La Tunisie de Ben Ali serait-elle en crise ? Depuis la fin des années
1990, l'opposition démocratique retrouve un second souffle. Au sein
de la population, le malaise est également croissant, mais il tarde à
s'exprimer sous une forme active et organisée. Ce paradoxe persistant,
qu'on ne peut expliquer par la seule répression, inquiète Sadri
Khiari. Son analyse met l'accent sur les défaites successives du mouvement
populaire depuis les années 1980. Elle souligne les responsabilités
des oppositions et leurs ambivalences politiques, malgré la
pugnacité dont elles font preuve aujourd'hui.
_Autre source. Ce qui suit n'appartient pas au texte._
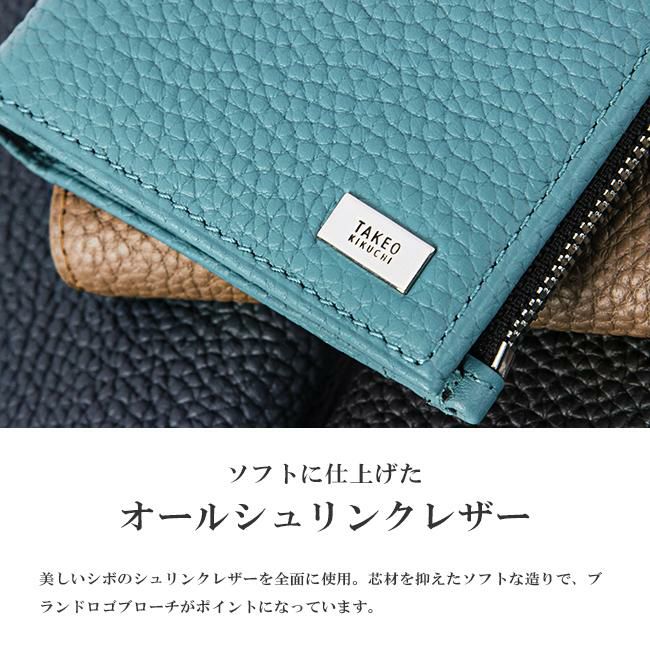 もんきち タケオキクチ 財布 長財布 ロングウォレット 札入れ 小銭入れ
L'auteur passe en revue
les différentes forces qui contestent le régime du président Ben Ali et
souligne la spécificité du mouvement islamiste tunisien. Selon lui, les
difficultés de la mobilisation populaire s'inscrivent également dans
un processus de désocialisation, consécutif au désengagement économique
de l'État dont le caractère bureaucratique et policier ne cesse
de s'affirmer. L'auteur se garde de donner une recette pour mettre un
terme au délitement de la Cité tunisienne. Mais, tout au long de son
ouvrage, un impératif se dégage, que l'on peut exprimer dans les
termes du philosophe Walter Benjamin : si l'opposition démocratique
veut que la Tunisie s'arrache au cercle infernal de l'autoritarisme, elle
doit apprendre à brosser l'histoire à rebrousse-poil. Autrement dit, à
entreprendre d'abord un retour critique sur elle-même.